The poster presentation (SITC #625): "A phase 1/2 clinical trial of antiVISTA – KVA12123 alone and in combination with pembrolizumab in patients with advanced solid tumors" was presented by Dr. Jason Henry, M.D., Sarah Cannon Research Institute at HealthONE, Denver, CO, on Friday November 8, 2024 at 9 a.m.

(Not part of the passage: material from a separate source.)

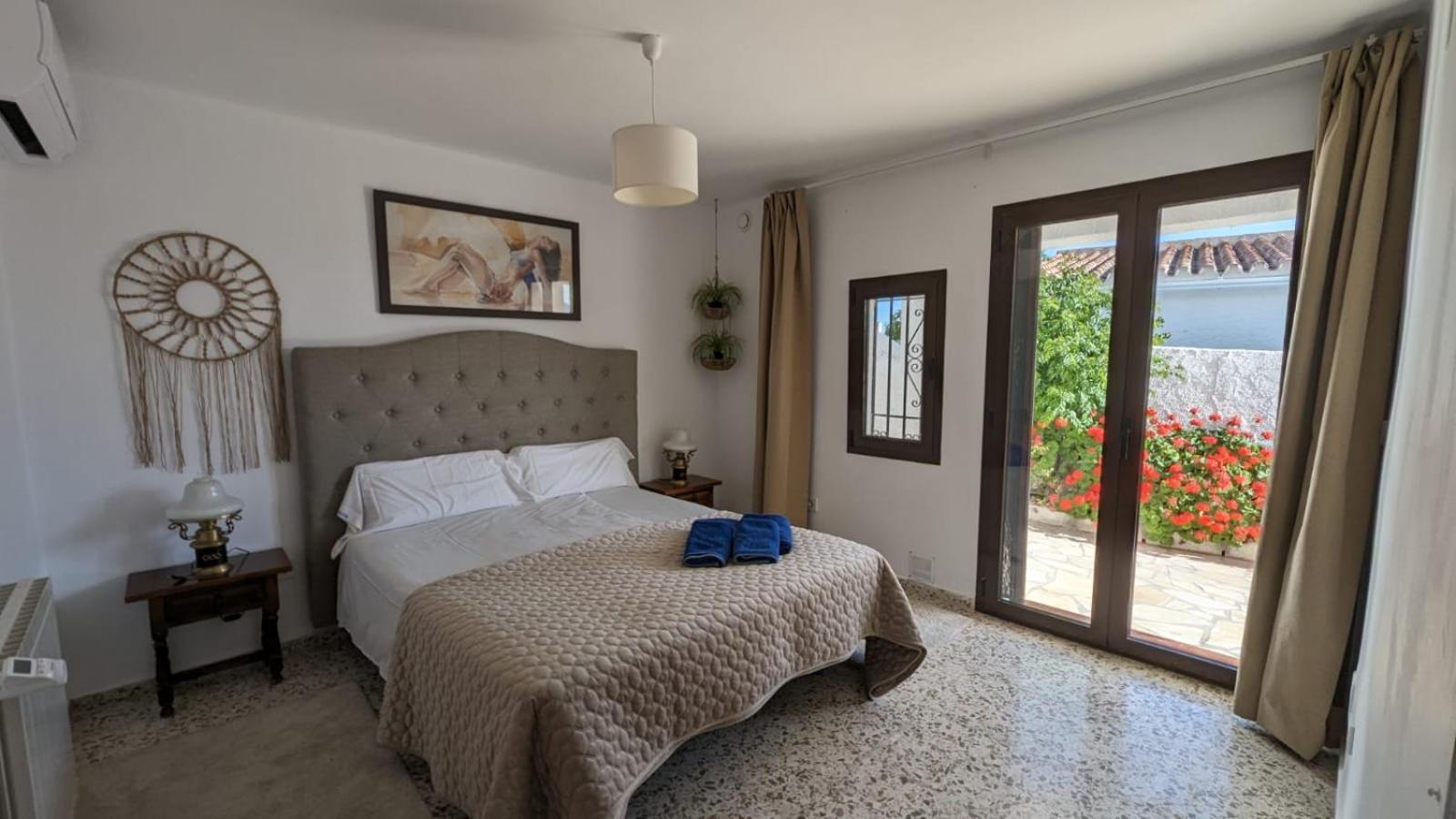 Little Castle: Sea & Mountain Views In Pousada *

CST. The update included the following findings (with a data cutoff date of October 18, 2024):

Monotherapy Dose Escalation (3-1000 mg KVA12123 Q2W)

Of the 24 patients enrolled in the six monotherapy dose cohorts, 19 patients had at least one follow-up scan and 13 of these patients experienced stable disease (iRECIST).
Durable clinical outcomes have been observed in a number of monotherapy patients with one patient with non-small cell lung cancer that failed six prior lines of therapy, including checkpoint inhibitor (CPI) therapy, experiencing stable disease lasting 60 weeks.
Nine of 24 monotherapy patients had prior CPI exposure.
Combination Therapy Dose Escalation (30-100 mg KVA12123 Q2W, 400 mg pembrolizumab Q6W)

Nine patients have been enrolled in the two combination cohorts with at least one follow-up scan:
iCR and iPR responses have been observed and the combination has been well tolerated.
Confirmed Partial Response in one mucoepidermoid carcinoma patient with a 54% reduction in target lesions and a confirmed complete response (CR) in non-target lesions.
Stable disease in one renal cell carcinoma patient that had progressed on prior CPI therapy with a 24% reduction in target lesions.
Two remaining combination cohorts are expected to be fully enrolled by year-end.
Safety

No DLTs observed in any patient at any dose level in either study arm.
A very clean safety profile with few adverse events.
"We are pleased to present our progress on the VISTA-101 clinical trial at SITC (Free SITC Whitepaper) this year, with the initial clinical response data emerging from the study. We have observed promising clinical responses in this advanced cancer patient population. KVA12123 has the potential to be a new alternative for patients with hard-to-treat cancers," said Jason Henry, M.D. "The safety profile of KVA12123 to date has been remarkable in the monotherapy as well as in combination cohorts. Initial read-outs demonstrated that KVA12123 is not only safe but exhibits potential clinical benefit for some patients as either monotherapy or combination and may offer patients a novel approach to address immunosuppression in the tumor microenvironment and better manage solid tumor cancers," added Thierry Guillaudeux, Ph.D., Chief Scientific Officer of Kineta.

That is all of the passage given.